# YOUR OBJECTIVE:
Your job is to print, exactly, the lines in the data below from the line with "Shark theme site design template sample" through the line with "大数据时代下年轻教授的崛起与发展", both included, and to omit any picture.

# GIVEN ENTRIES:
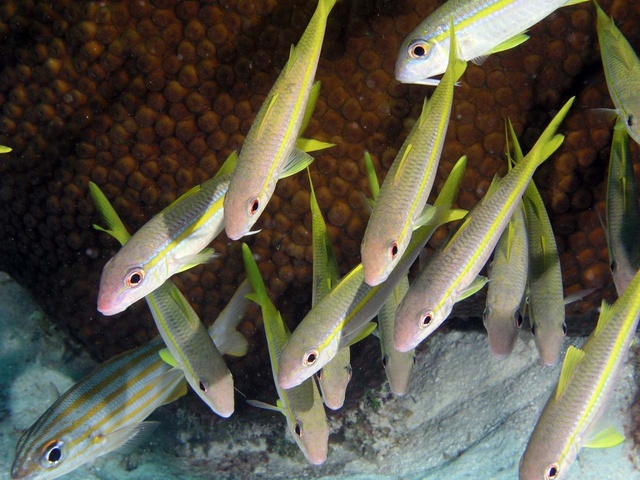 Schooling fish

==

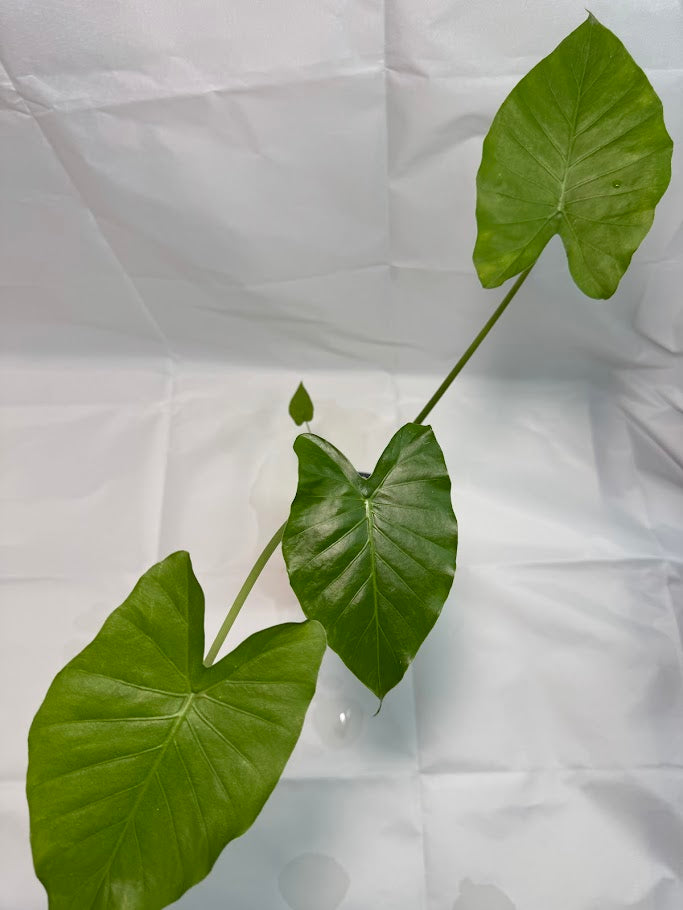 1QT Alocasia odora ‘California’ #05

--

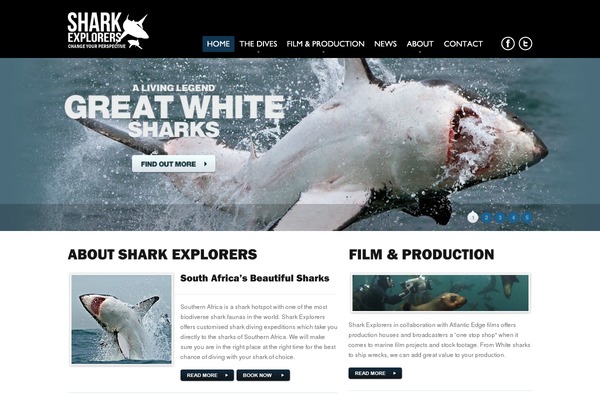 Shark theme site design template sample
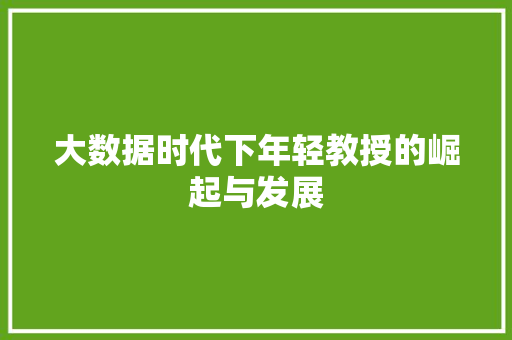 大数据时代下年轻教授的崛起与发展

# RESULT:
 Shark theme site design template sample
 大数据时代下年轻教授的崛起与发展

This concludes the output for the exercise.